Hello all,
I'm not sure whether this has been posted before, but gcc creates
slightly inefficient code for large integers in several cases:
unsigned long long val;
void example1() {
val += 0x8000ULL;
}
On x86 this results in the following assembly:
addl $0, val
adcl $32768, val+4
ret
The first add is unnecessary as it shouldn't modify val or set the carry.
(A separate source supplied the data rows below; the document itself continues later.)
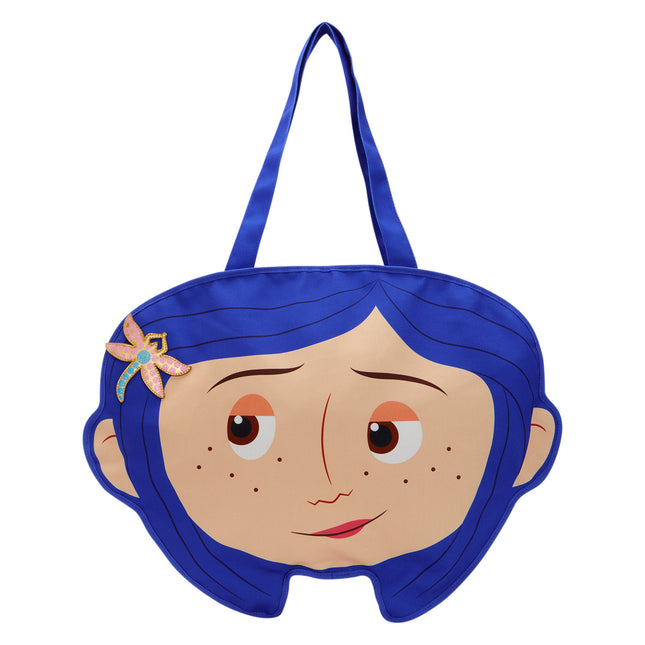 Coraline Canvas Tote Bag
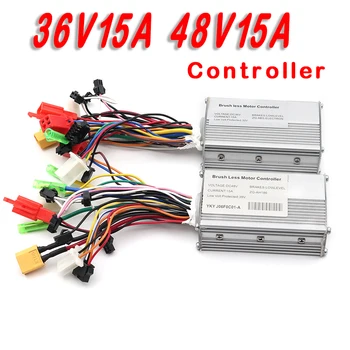 ZQ Elektromos robogó ellenőrzési tartozékok 36V15A 48V15A brushless DC vezérlő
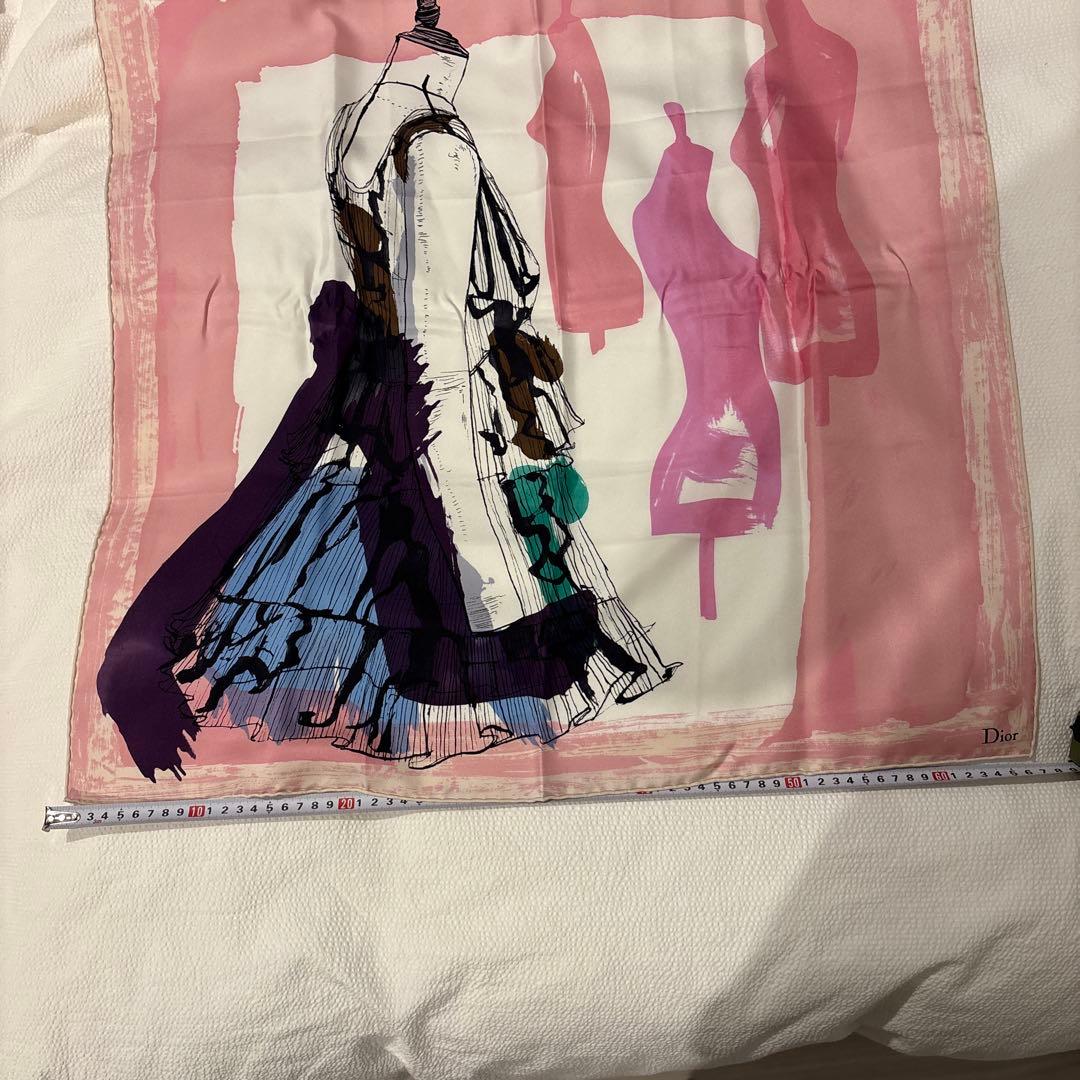 クリスチャンディオール　スカーフ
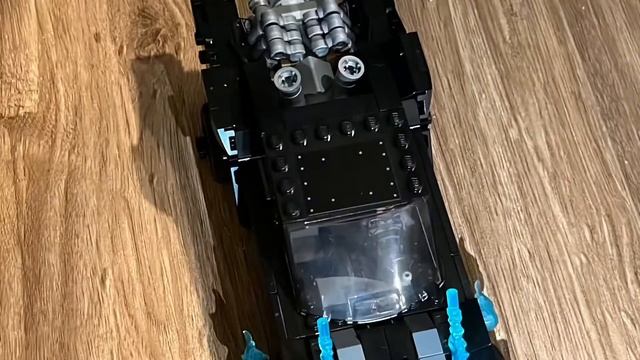 Lego DC The Batman Batmobile: The Penguin Chase Stop Motion смотреть онлайн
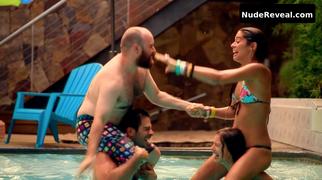 LORENZA IZZO nude in Aftershock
This isn't too bad, but compiling for a something like AVR, results in
8 byte loads, followed by three additions (of the high bytes),
followed by another 8 byte saves.
The compiler doesn't recognize that 5 of those loads and 5 of those
saves are unnecessary.
Replacing the addition, with bitwise or/xor also produces an
unnecessary instruction on x86, but produces optimal instructions on
an AVR.
Here is another inefficiency for x86:
unsigned long long val = 0;
unsigned long small = 0;
unsigned long long example1() {
return val | small;
}
unsigned long long example2() {
return val & small;
}
This produces for example1 (bad):
movl small, %ecx
movl val, %eax
movl val+4, %edx
pushl %ebx
xorl %ebx, %ebx
orl %ecx, %eax
orl %ebx, %edx
popl %ebx
ret
For example2 (good):
movl small, %eax
xorl %edx, %edx
andl val, %eax
ret
The RTL's generated for example1 and example2 are very similar until
the fwprop1 stage.
Since the largest word size on x86 is 4 bytes, each operation is
actually split into two.
The forward propagator correctly realizes that anding the upper 4
bytes results in a zero.
However, it doesn't seem to recognize that oring the upper 4 bytes
should return val's high word.
This problem also occurs in the xor operation, and also when
subtracting (val - small).
All programs were compiled with "-O2 -Wall" although I also tried -O3
and -Os with the same result.
Thanks for any help.